Amir Bahador Javadi, Philip Pong

TL;DR

The paper addresses data-driven identification of grid-forming converter dynamics in an infinite-bus setup under disturbances. It compares Sparse Identification of Nonlinear Dynamics (SINDy) and Deep Symbolic Regression (DSR) on synthetic data generated for grid-forming control. DSR achieves near-perfect fidelity (R^2 ≈ 0.99) but with substantially higher computational cost (approximately 11×) than SINDy, while SINDy provides efficient, interpretable models with robust performance. The work suggests hybrid approaches to balance accuracy and runtime for real-time grid control in renewable-dominated power systems.

Abstract

This study explores data-driven modeling techniques to capture the dynamics of a grid-forming converter-based infinite bus system, critical for renewable-integrated power grids.
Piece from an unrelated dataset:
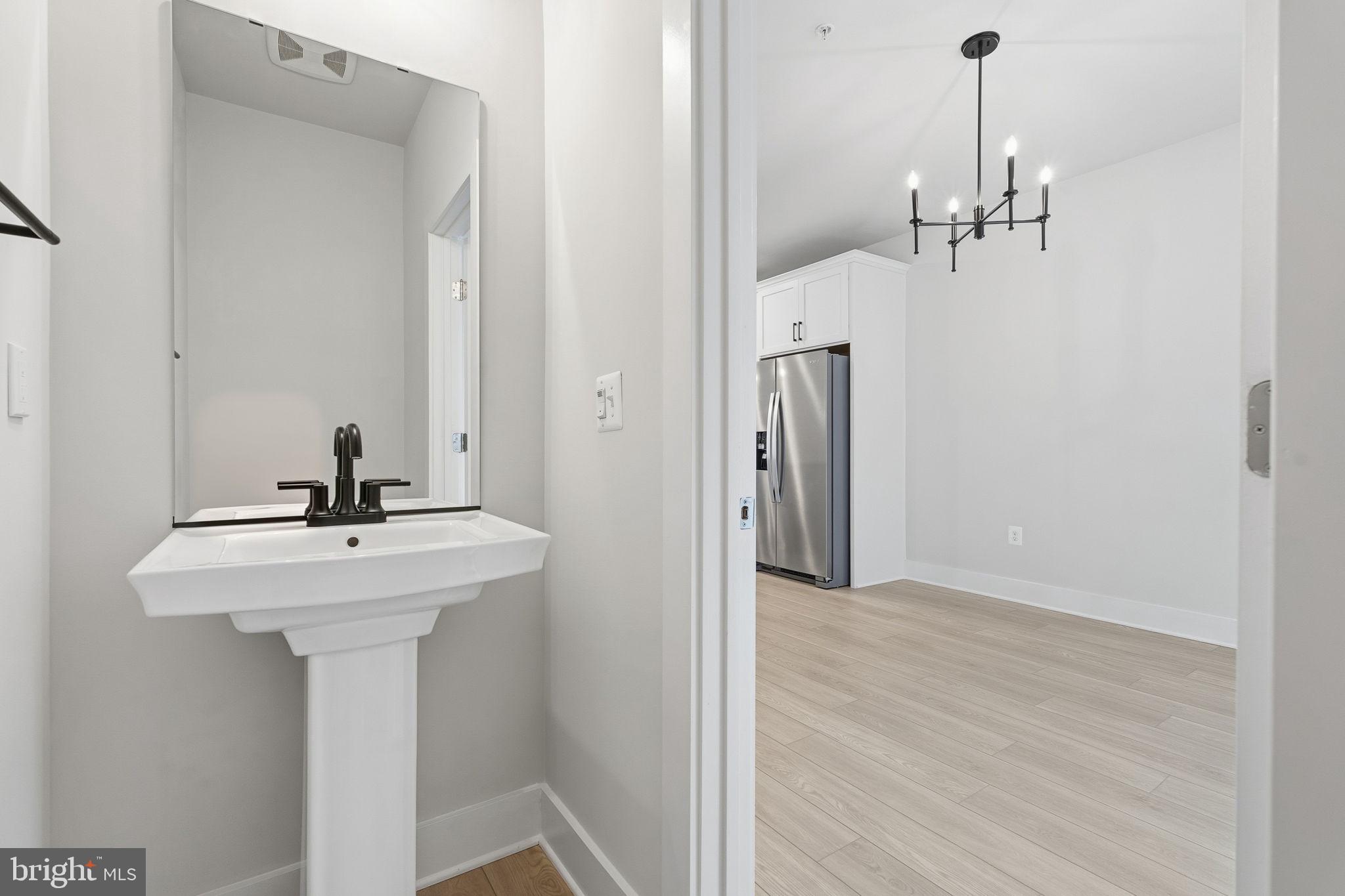 LOCKE LANDING - Residential Lease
Using sparse identification of nonlinear dynamics and deep symbolic regression, models were generated from synthetic data simulating key disturbances in active power, reactive power, and voltage references. Deep symbolic regression demonstrated more accuracy in capturing complex system dynamics, though it required substantially more computational time than sparse identification of nonlinear dynamics. These findings suggest that while deep symbolic regression offers high fidelity, sparse identification of nonlinear dynamics provides a more computationally efficient approach, balancing accuracy and runtime for real-time grid applications.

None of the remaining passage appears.